— RECORDED INFORMATION —
_ _ _ _ _ _ _

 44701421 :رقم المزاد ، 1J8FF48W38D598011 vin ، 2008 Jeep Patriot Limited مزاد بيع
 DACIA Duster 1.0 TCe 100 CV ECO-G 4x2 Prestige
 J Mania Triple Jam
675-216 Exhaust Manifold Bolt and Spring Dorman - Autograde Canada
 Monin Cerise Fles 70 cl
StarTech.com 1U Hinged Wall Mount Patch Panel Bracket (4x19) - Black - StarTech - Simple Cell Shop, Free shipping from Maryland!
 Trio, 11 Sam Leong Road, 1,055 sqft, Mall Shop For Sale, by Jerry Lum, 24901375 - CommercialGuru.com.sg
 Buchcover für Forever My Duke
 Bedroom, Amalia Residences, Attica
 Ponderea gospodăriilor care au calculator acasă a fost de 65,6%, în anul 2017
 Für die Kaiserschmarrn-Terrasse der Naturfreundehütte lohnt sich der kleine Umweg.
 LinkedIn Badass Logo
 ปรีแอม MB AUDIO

_ _ _ _ _ _ _

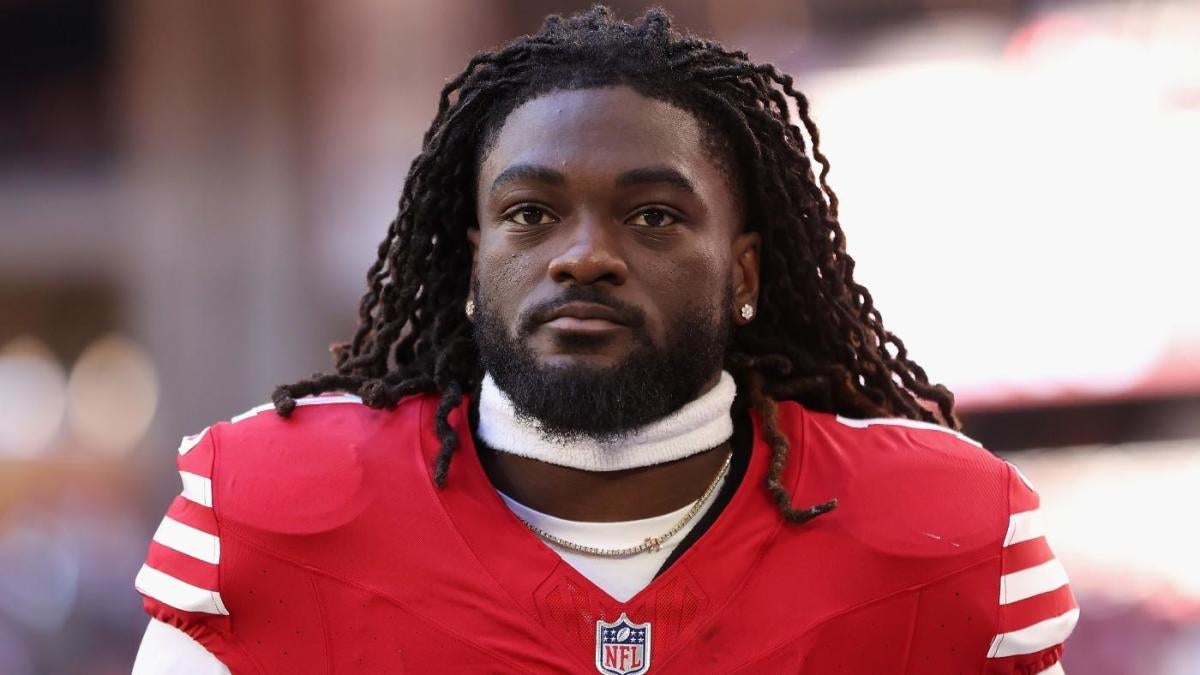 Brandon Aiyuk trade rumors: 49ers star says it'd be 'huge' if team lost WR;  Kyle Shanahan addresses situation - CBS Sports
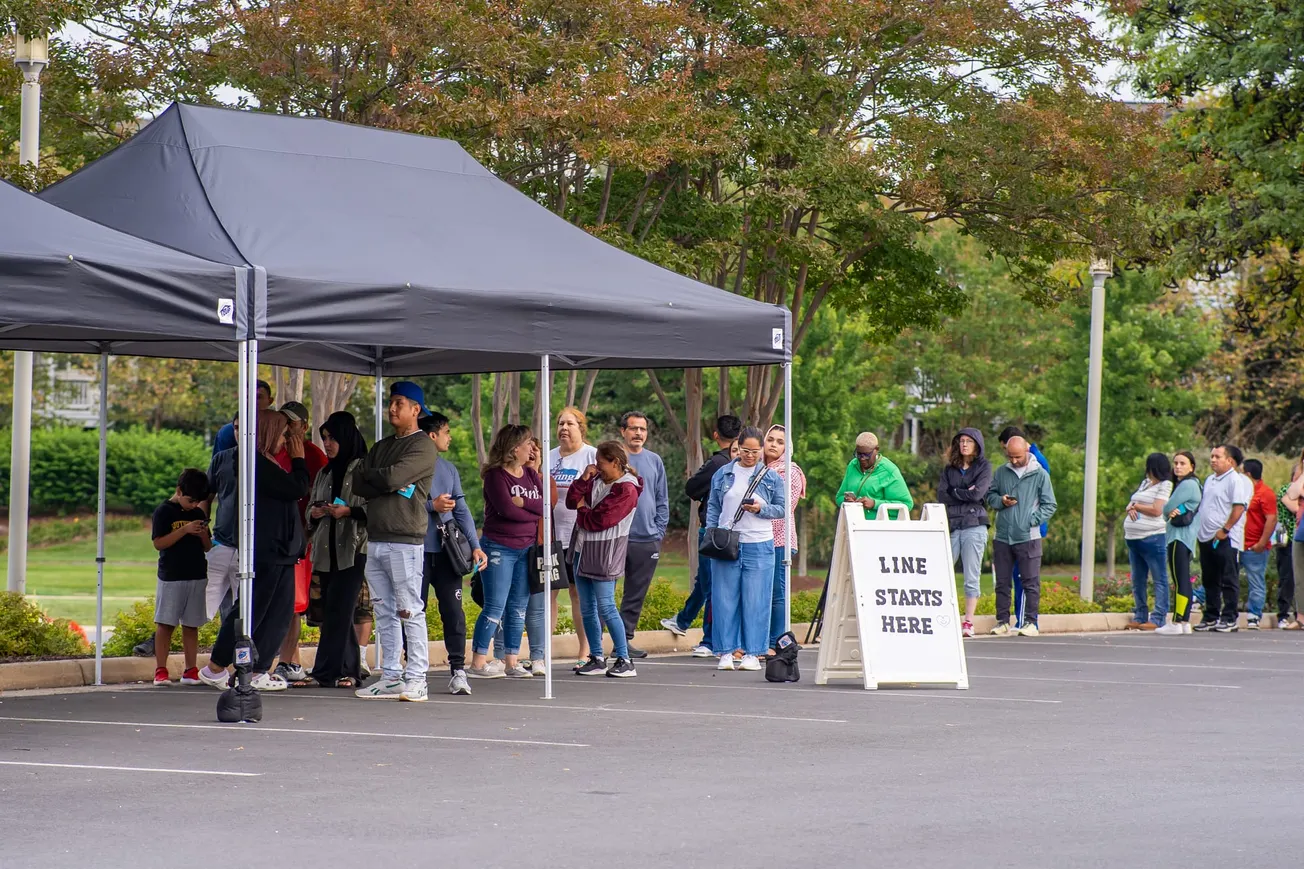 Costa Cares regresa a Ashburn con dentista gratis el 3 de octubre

_ _ _ _ _ _ _

— EXERCISE GOAL —
From the records above, print only the lines between the one holding "44701421 :رقم المزاد" and the one holding "ปรีแอม MB AUDIO", inclusive, exactly as they stand.

— RESPONSE BELOW —
 44701421 :رقم المزاد ، 1J8FF48W38D598011 vin ، 2008 Jeep Patriot Limited مزاد بيع
 DACIA Duster 1.0 TCe 100 CV ECO-G 4x2 Prestige
 J Mania Triple Jam
675-216 Exhaust Manifold Bolt and Spring Dorman - Autograde Canada
 Monin Cerise Fles 70 cl
StarTech.com 1U Hinged Wall Mount Patch Panel Bracket (4x19) - Black - StarTech - Simple Cell Shop, Free shipping from Maryland!
 Trio, 11 Sam Leong Road, 1,055 sqft, Mall Shop For Sale, by Jerry Lum, 24901375 - CommercialGuru.com.sg
 Buchcover für Forever My Duke
 Bedroom, Amalia Residences, Attica
 Ponderea gospodăriilor care au calculator acasă a fost de 65,6%, în anul 2017
 Für die Kaiserschmarrn-Terrasse der Naturfreundehütte lohnt sich der kleine Umweg.
 LinkedIn Badass Logo
 ปรีแอม MB AUDIO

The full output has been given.